Stored data
········

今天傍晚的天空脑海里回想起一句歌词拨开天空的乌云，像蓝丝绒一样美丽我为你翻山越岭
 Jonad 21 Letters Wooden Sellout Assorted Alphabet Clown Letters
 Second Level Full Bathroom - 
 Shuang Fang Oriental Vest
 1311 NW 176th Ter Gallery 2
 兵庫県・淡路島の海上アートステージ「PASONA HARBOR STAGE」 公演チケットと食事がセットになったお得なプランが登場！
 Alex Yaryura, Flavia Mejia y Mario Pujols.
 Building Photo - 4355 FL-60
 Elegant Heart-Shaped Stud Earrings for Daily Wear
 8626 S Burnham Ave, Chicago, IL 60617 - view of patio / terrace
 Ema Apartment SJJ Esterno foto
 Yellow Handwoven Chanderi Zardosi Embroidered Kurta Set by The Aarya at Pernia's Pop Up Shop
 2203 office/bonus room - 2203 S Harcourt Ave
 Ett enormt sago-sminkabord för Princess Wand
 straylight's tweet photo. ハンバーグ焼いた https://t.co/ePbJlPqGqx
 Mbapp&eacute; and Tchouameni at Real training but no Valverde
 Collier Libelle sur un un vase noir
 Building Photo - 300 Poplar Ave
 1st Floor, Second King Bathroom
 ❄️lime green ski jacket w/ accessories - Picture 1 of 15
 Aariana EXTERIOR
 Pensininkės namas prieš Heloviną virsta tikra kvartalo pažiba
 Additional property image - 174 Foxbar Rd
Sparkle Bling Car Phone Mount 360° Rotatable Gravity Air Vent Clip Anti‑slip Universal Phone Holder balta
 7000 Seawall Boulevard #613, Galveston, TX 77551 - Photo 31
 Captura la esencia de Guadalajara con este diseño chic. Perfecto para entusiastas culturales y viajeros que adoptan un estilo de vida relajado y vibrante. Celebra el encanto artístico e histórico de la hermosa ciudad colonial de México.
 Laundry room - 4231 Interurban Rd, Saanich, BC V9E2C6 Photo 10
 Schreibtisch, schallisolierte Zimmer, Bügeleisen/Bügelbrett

········

» **Task requirements**
Within the entries above, find each line where "Second" appears; copy every one.

» **Solved problem**
 Second Level Full Bathroom - 
 1st Floor, Second King Bathroom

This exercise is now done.